▶ **Exercise objective**: Using the entries below, write out the line with "Sky Blue Mirror Work Sharara Set", the line with "Tumotour Multifunctional Style", and every line in between, exactly as each is written.

▶ **Provided data**:
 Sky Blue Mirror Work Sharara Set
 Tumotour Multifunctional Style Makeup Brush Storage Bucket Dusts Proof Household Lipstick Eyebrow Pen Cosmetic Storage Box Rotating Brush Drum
--
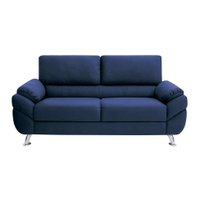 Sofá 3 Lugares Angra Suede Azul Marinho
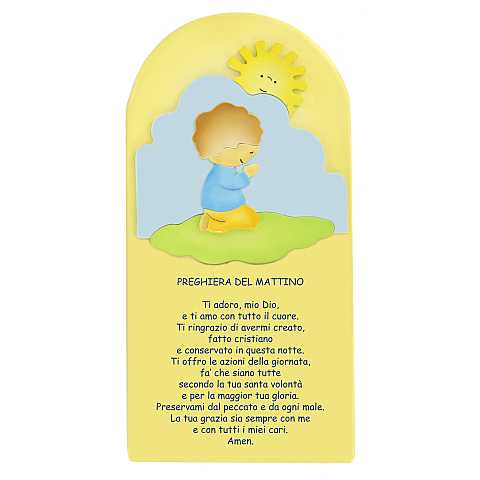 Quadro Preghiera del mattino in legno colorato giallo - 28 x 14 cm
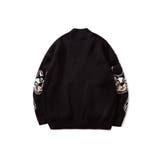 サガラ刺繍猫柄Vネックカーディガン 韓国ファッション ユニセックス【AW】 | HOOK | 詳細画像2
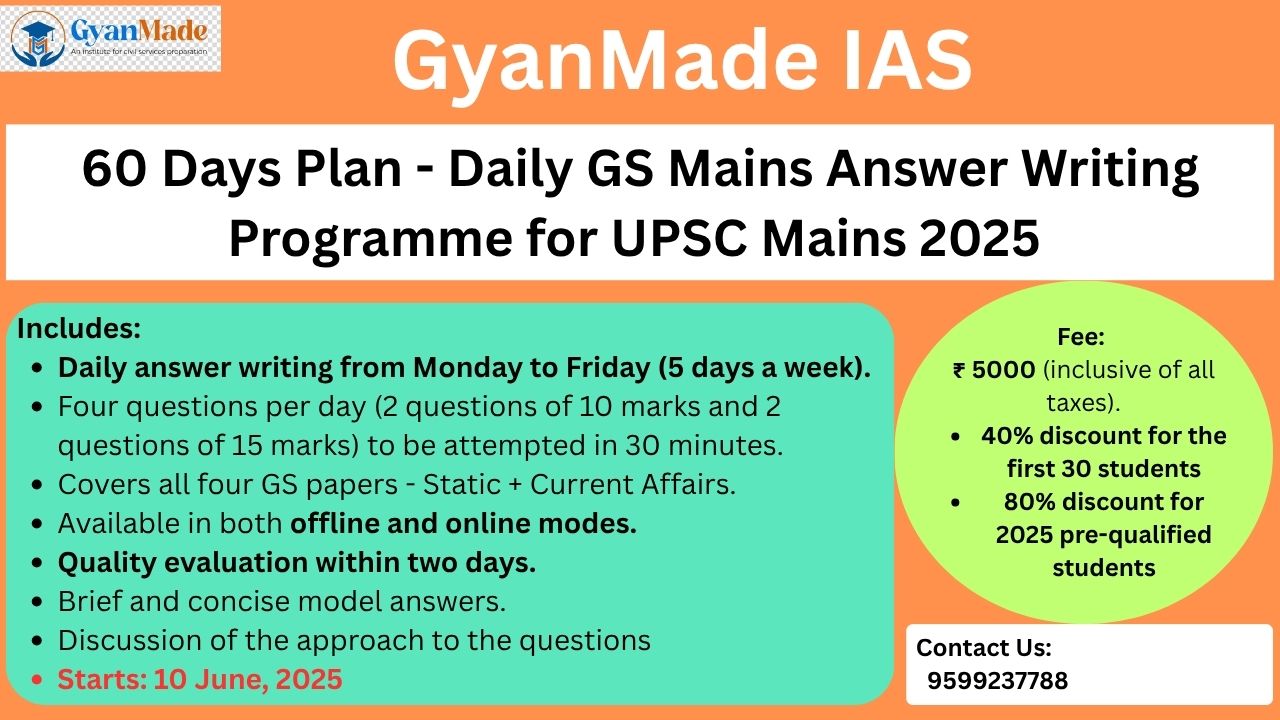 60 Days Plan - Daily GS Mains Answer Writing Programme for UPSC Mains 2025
...
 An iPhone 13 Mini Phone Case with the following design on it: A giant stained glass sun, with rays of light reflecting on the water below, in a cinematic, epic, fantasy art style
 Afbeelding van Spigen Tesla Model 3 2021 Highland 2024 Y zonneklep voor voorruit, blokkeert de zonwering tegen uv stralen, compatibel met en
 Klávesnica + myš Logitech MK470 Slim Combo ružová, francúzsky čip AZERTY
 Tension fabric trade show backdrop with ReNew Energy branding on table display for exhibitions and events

▶ **Result for this task**:
 Sky Blue Mirror Work Sharara Set
 Tumotour Multifunctional Style Makeup Brush Storage Bucket Dusts Proof Household Lipstick Eyebrow Pen Cosmetic Storage Box Rotating Brush Drum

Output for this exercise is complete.